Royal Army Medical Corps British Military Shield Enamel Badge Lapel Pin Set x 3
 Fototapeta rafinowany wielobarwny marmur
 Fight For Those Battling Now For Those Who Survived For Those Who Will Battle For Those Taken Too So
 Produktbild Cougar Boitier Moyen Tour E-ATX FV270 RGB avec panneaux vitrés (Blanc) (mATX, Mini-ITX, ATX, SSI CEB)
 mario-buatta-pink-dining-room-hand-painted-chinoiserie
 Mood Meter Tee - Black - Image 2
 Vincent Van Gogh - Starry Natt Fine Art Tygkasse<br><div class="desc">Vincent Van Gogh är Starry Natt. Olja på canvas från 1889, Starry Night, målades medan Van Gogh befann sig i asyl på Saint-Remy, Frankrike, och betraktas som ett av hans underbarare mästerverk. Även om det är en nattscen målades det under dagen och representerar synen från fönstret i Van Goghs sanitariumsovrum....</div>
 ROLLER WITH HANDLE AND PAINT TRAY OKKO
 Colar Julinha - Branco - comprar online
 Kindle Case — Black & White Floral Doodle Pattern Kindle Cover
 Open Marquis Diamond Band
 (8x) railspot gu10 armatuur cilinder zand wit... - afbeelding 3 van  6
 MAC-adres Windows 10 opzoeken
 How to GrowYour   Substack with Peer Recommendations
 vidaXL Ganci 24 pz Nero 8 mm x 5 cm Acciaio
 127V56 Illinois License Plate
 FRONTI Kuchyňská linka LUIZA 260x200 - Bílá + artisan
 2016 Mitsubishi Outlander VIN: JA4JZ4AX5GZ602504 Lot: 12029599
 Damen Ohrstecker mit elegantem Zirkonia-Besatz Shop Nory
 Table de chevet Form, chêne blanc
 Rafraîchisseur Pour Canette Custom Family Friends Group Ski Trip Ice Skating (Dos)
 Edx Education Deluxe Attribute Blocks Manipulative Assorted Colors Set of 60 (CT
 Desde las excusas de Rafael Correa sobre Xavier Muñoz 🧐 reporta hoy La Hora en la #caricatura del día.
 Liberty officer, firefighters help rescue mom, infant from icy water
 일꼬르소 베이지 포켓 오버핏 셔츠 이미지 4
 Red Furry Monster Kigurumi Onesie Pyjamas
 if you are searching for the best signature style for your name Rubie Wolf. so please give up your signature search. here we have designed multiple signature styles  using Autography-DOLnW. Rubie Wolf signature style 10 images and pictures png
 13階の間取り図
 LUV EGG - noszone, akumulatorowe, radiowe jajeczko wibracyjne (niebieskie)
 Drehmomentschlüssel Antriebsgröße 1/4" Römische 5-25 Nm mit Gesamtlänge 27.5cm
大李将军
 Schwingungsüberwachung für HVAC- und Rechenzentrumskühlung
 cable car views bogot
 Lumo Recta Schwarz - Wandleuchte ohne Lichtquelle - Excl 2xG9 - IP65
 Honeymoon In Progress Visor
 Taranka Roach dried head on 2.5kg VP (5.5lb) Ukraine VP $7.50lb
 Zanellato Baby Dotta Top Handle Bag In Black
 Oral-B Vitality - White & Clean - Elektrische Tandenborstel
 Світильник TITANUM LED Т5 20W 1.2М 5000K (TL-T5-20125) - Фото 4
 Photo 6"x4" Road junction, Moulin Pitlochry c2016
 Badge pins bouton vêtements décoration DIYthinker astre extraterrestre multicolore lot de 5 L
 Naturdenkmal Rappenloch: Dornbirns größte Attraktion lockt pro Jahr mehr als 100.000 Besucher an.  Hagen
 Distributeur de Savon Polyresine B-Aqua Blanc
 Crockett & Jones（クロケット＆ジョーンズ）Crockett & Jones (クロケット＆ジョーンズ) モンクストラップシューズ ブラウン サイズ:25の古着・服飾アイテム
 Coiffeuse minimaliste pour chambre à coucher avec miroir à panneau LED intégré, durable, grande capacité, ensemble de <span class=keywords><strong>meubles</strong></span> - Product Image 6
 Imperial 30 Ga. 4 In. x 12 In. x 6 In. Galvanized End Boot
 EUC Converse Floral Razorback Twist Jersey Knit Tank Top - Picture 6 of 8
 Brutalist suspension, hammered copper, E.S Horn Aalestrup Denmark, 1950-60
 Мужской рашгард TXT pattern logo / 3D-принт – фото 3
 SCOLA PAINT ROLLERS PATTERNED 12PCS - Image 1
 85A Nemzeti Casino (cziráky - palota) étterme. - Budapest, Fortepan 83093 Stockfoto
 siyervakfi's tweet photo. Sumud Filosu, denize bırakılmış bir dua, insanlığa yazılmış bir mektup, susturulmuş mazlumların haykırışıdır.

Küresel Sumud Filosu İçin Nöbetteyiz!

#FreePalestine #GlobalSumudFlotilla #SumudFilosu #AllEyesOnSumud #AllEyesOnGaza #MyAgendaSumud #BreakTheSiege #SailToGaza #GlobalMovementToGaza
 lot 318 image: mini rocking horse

++++++

Required work: Taking the entries above, write out exactly each line from the one holding "Mood Meter Tee - Black - Image 2" to the one holding "127V56 Illinois License Plate", both included, and stop there.

Result for this exercise:
 Mood Meter Tee - Black - Image 2
 Vincent Van Gogh - Starry Natt Fine Art Tygkasse<br><div class="desc">Vincent Van Gogh är Starry Natt. Olja på canvas från 1889, Starry Night, målades medan Van Gogh befann sig i asyl på Saint-Remy, Frankrike, och betraktas som ett av hans underbarare mästerverk. Även om det är en nattscen målades det under dagen och representerar synen från fönstret i Van Goghs sanitariumsovrum....</div>
 ROLLER WITH HANDLE AND PAINT TRAY OKKO
 Colar Julinha - Branco - comprar online
 Kindle Case — Black & White Floral Doodle Pattern Kindle Cover
 Open Marquis Diamond Band
 (8x) railspot gu10 armatuur cilinder zand wit... - afbeelding 3 van  6
 MAC-adres Windows 10 opzoeken
 How to GrowYour   Substack with Peer Recommendations
 vidaXL Ganci 24 pz Nero 8 mm x 5 cm Acciaio
 127V56 Illinois License Plate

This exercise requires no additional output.